→ WORK TASK:
Filter the data for lines with the word "Plant", then copy every line so identified.

→ TASK MATERIAL:
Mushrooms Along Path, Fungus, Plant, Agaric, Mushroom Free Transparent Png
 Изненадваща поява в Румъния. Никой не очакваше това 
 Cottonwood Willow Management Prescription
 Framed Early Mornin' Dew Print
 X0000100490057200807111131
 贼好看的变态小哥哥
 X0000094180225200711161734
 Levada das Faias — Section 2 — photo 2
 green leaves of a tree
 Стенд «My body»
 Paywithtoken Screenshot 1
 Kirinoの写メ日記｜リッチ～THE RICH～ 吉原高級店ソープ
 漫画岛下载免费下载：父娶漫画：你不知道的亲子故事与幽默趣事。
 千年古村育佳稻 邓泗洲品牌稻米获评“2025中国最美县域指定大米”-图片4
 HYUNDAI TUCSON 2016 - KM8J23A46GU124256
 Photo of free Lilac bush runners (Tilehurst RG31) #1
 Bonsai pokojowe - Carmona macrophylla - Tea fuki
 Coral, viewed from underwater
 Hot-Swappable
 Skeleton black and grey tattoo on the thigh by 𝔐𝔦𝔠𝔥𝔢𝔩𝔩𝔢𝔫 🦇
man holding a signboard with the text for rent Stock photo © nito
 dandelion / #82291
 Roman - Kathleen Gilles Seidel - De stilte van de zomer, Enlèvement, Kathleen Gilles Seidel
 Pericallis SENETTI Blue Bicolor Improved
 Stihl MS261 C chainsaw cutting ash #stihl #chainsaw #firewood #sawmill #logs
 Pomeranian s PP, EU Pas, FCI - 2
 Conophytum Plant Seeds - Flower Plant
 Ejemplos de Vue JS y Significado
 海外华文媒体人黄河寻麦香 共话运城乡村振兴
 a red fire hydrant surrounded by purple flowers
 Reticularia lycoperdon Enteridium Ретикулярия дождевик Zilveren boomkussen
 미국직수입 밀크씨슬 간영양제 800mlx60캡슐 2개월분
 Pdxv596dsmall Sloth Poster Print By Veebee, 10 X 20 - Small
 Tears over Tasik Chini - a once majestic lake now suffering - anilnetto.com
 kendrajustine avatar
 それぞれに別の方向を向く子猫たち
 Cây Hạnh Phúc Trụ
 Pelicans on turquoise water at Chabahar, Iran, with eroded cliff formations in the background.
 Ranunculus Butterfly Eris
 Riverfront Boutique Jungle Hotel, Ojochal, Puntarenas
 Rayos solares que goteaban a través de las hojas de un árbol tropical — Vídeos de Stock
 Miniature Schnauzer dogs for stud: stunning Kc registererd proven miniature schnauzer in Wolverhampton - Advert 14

→ TASK OUTPUT:
Mushrooms Along Path, Fungus, Plant, Agaric, Mushroom Free Transparent Png
 Conophytum Plant Seeds - Flower Plant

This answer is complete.